As given, the hydroxide of the metals is soluble in $\text{NaOH}$, it is possible only in case of beryllium which is amphoteric in nature, that it acts as both an acid or base. Thus, they dissolve in sodium hydroxide by acting as a strong acid. The oxide of beryllium is also inert on heating.
\[Be{{\left( OH \right)}_{2}}+2NaOH\to N{{a}_{2}}Be{{O}_{2}}+{{H}_{2}}O\]

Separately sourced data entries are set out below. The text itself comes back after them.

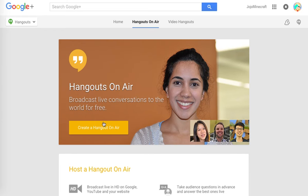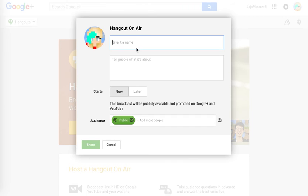Click on that, and you want to start by creating a Hangout on Air. You can just name it — so let's name it 'Demonstration.'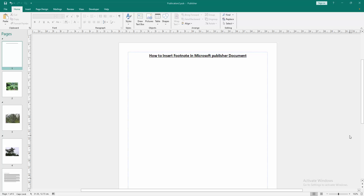Assalamualaikum, hello friends, how are you. Welcome back to my another video. In this video I am going to show you how to insert footnote in Microsoft Publisher. Let's get started.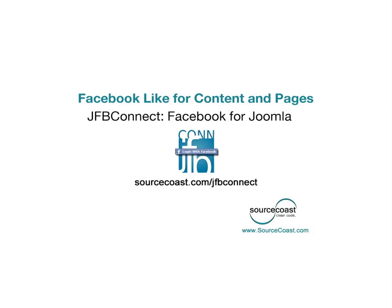Welcome to the Source Coast demonstration video for JFB Connect's Like Button. We are going to show you the many ways you can add the Like Button to your website using the JFB Connect component, and we'll also show you the customizable options available for this feature.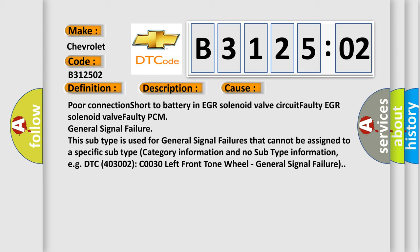This subtype is used for general signal failures that cannot be assigned to a specific subtype category information and no subtype information, e.g. DTC 403002 C0030 left front tone wheel general signal failure.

Hence, the answer is option (A)- $Be$.

Note: The hydration enthalpy is solely dependent on the size of the ions, whereas the lattice enthalpy governs both the size and the distance between the ions. The hydroxides of alkaline earth metals are generally basic in nature, but due to the smaller size of beryllium, it has a peculiar nature, acting as amphoteric hydroxide.